Architecte, urbaniste, pionnier de l’écoresponsabilité et écrivain, Philippe Madec a répondu à nos questions.
Né en Bretagne en 1954, Philippe Madec est un des pionniers du développement durable en urbanisme et architecture. Également écrivain, il est à l’initiative du Manifeste pour une frugalité heureuse & créative, paru en 2018 et qui porte sur l’aménagement des territoires urbains et ruraux.
Expert pour le Grenelle de l’Environnement, il réfléchit à comment combiner au mieux architecture, infrastructure, sobriété et écologie. Il est notamment professeur, depuis 2010, à l’ENSA de Rennes, où il enseigne « L’invention du territoire Durable ». Il est récemment intervenu lors de l’Université de la Terre, qui s’est tenue les 25-26 novembre à l’Unesco à paris.

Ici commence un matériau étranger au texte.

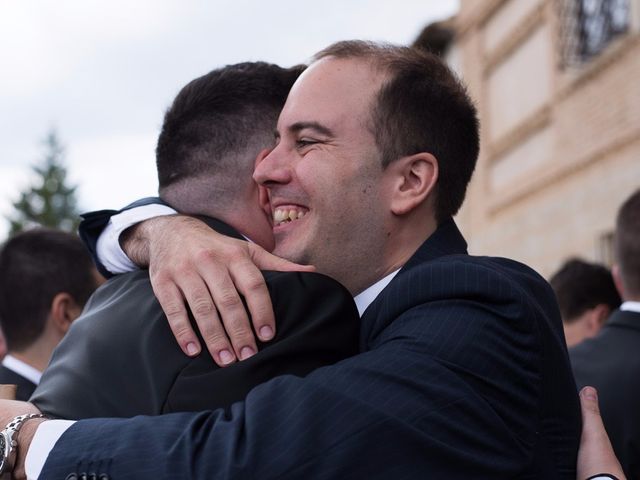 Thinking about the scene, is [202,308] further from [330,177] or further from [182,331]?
[330,177]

WE DEMAIN : Sur une échelle de 1 à 10, quelle note attribuez-vous à la prise en compte de la crise et de l’urgence climatique…
Philippe Madec : Les Français ne sont pas une personne consciente et une unité agissante, mais une multitude diverse de pensées et d’actes. Certains peuvent recevoir un 10, d’autres un -10 ! Par le gouvernement, allez un bon 5 ! Peut mieux faire ! Oups… 5, c’est éliminatoire…
A titre professionnel, dans votre domaine et votre secteur d’activité, quelles actions doivent être menées en priorité ?
Trop de nucléaire, trop de gaz avec le Qatar, trop de soutien aux propriétaires et pas aux locataires, trop d’injonctions à la sobriété, à l’austérité pour tous, y compris les démunis, ceux qui n’ont connu ni l’opulence, ni l’abondance, ni l’insouciance. Trop de promesses non financées ! N’attendons pas de notre gouvernement la possibilité de faire autrement ! Faisons !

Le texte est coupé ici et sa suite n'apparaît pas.